Was it Hitler? Was it the General Staff? Or—and this is the most recent and most sensational theory—was it all a trick of Stalin, who, by means of false reports planted on the German secret service, lured Hitler into resuming his offensive and thus into a trap? It is an interesting theory, and its source cannot lightly be dismissed.
In his book
Soviet Marshals Explain
Kyrill Kalinov, a Soviet General Staff officer who emigrated to the West from Berlin in 1949 and who worked in the Soviet High Command during the war, quotes an interesting statement by Zhukov— admittedly without a precise source reference. According to Kalinov, Marshal Zhukov made the following claim in 1949, apparently in a lecture:
"The Germans estimated the total of Soviet forces annihilated by them at the fantastic figure of 330 divisions. They did not therefore believe that we had any fresh reserves at our disposal, and consequently expected that all they would encounter was contingents of workers' militia hurriedly raised in Moscow. That was the decisive reason why Hitler took the gamble of mounting his final offensive against our capital.
"In this connexion I can now disclose an important detail which has hitherto been kept secret. The report about the allegedly destroyed 330 divisions was launched by us deliberately to find its way to Germany through the Military Attaché of a neutral country whom we knew to be in touch with Germany's military intelligence service. Our aim was to support Hitler against his General Staff. The generals, as we know, recommended that the German troops, as in 1914, should dig in wherever they stood and set up winter quarters.
"It was, however, to our advantage that the Germans should not give up their intentions with regard to Moscow, but should press forward into the flat wooded country where we should be able to inflict on them a final defeat.

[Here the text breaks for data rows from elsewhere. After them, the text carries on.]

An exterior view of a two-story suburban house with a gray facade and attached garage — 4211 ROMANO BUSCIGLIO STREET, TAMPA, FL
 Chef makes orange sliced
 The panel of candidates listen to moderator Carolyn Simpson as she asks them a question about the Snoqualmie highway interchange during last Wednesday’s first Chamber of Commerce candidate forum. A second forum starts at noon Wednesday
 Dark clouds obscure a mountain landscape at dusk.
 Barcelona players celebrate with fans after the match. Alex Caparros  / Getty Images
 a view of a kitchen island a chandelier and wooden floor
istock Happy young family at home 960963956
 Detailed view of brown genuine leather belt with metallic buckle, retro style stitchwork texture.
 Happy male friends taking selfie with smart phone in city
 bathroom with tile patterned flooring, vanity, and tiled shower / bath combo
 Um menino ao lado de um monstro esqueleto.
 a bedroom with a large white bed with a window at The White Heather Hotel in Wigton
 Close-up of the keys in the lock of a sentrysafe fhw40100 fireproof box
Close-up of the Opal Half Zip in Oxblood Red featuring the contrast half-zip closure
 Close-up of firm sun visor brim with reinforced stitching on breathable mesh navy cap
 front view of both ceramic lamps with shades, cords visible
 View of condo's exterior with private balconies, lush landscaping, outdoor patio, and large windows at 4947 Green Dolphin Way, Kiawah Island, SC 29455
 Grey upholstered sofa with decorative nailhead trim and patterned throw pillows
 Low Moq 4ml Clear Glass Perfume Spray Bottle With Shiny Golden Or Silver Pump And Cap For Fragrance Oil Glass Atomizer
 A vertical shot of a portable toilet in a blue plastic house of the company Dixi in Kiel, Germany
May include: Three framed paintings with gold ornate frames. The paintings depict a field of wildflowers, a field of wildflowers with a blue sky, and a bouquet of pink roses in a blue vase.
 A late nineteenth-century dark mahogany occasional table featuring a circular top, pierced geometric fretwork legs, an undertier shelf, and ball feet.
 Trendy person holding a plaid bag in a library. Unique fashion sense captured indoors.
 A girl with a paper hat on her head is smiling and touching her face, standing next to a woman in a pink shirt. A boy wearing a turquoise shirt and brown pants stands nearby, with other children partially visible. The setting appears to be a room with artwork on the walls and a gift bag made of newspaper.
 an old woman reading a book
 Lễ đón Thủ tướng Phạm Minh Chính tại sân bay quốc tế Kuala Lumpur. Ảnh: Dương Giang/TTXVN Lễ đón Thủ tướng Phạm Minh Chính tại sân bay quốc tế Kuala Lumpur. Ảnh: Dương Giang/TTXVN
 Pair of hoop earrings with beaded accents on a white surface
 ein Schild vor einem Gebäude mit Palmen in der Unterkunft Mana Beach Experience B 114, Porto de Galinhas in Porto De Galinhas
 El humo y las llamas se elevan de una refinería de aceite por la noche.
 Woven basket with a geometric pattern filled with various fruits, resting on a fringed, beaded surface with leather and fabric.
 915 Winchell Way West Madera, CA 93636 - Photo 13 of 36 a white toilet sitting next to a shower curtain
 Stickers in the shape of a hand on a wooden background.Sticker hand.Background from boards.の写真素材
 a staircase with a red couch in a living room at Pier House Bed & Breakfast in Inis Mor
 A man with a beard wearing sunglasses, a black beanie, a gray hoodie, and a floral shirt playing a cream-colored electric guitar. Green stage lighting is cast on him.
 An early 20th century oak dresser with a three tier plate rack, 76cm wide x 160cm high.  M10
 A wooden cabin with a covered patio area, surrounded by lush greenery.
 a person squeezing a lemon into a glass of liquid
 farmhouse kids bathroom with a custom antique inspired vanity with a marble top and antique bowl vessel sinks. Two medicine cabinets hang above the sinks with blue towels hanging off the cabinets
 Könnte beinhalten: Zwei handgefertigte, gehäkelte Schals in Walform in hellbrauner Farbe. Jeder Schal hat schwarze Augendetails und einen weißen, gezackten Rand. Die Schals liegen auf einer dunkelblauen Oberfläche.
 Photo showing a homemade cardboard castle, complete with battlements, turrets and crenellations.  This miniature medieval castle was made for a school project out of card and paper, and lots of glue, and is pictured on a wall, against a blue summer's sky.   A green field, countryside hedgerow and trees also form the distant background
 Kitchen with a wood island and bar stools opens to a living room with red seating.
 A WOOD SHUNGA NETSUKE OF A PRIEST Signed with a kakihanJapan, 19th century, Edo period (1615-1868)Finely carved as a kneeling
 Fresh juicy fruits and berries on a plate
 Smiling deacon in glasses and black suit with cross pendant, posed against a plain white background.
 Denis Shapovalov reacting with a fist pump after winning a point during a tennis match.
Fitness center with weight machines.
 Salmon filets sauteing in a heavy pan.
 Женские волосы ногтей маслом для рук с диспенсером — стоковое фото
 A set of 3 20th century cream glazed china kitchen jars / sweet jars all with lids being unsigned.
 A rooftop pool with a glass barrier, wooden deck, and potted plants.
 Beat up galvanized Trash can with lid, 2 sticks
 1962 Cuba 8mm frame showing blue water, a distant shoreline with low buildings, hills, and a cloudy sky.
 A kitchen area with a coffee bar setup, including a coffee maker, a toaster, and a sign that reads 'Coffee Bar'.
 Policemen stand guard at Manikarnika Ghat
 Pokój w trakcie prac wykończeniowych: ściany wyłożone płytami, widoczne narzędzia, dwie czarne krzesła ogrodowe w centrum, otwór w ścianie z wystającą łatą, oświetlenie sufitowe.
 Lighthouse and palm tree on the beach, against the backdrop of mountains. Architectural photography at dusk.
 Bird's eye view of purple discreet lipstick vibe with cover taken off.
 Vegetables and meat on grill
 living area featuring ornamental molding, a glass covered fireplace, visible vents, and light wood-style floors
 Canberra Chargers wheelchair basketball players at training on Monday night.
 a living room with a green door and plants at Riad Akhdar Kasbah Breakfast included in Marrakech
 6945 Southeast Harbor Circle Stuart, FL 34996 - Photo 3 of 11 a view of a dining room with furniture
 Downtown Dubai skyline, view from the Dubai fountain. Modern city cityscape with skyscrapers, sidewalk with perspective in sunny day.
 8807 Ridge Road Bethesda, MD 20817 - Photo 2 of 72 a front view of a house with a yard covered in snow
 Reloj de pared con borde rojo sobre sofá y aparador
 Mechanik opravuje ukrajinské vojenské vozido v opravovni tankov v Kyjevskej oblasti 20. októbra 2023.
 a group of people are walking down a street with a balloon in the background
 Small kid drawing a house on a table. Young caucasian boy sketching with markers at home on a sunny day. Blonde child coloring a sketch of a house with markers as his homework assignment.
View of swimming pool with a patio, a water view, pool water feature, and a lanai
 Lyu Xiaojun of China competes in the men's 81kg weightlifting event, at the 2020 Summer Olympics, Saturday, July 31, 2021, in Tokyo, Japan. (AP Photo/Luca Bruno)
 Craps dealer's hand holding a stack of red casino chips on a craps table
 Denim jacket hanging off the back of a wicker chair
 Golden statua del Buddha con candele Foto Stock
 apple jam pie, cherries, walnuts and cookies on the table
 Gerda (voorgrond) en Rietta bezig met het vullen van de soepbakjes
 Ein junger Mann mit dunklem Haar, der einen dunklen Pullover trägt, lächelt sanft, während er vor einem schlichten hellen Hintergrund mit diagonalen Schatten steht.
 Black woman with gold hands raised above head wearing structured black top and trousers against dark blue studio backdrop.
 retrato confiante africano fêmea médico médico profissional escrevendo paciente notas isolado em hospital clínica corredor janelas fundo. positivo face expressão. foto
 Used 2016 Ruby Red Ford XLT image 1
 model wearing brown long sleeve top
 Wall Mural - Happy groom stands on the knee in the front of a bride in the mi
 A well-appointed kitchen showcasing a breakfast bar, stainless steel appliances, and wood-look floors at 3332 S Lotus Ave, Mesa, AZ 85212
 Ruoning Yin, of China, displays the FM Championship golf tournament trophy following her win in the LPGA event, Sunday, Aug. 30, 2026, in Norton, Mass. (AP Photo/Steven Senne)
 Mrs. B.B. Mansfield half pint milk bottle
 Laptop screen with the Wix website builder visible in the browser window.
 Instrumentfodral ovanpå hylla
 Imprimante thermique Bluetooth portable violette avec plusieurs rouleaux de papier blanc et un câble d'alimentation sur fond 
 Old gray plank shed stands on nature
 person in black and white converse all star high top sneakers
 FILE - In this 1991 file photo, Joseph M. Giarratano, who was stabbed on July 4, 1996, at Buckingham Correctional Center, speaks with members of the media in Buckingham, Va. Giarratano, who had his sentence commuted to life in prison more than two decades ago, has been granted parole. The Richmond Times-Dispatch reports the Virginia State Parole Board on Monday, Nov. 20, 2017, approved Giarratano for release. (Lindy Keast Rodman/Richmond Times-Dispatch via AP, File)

"I was emphatically supported by Comrade Stalin, who was even prepared to risk the surrender of our capital. For four days, therefore, we only employed divisions of the militia in the fighting line immediately outside the capital. The Germans were to gain the impression that these formations were all we had left to put up against their experienced and usually victorious divisions."
In view of the position of the author, this theory cannot be dismissed out of hand. The possibility is too disturbing and too important. It deserves careful examination. The decision to resume the offensive against Moscow was made in Orsha on 13th November. About the proceedings of the Orsha conference a number of reliable reports exist, including one by Major-General Blumentritt, then Chief of Staff of Kluge's Fourth Army, himself a participant in the conversations.
According to him, Halder reviewed the general situation on the 1250-mile-front from Lake Ladoga to the Sea of Azov. His report culminated in the question: Should the offensive be maintained or should defensive positions be taken up? General of Infantry von Sodenstern, Field-Marshal von Rund-stedt's representative, speaking on behalf of Army Group South, demanded the cessation of the offensive and going over to the defensive. Rundstedt, after all, was on the Don, outside Rostov, some 220 miles farther east than the front line of Army Group Centre before Moscow.
Lieutenant-Général Brennecke, Chief of Staff of Field-Marshal Ritter von Leeb, had no difficulty in arguing that Army Group North had been so weakened by having its entire armoured forces detached from it that all offensive operations were out of the question. In fact, it had long gone over to the defensive.
Army Group Centre did not share this view. It pleaded for the continuation of the offensive against Moscow. Major- General von Greiffenberg supported his Field-Marshal's view that the capture of Moscow was necessary both militarily and psychologically. There was, of course, the danger that they might not pull it off, but this would be no worse than lying on open ground in the snow and cold only 30 miles from the tempting objective.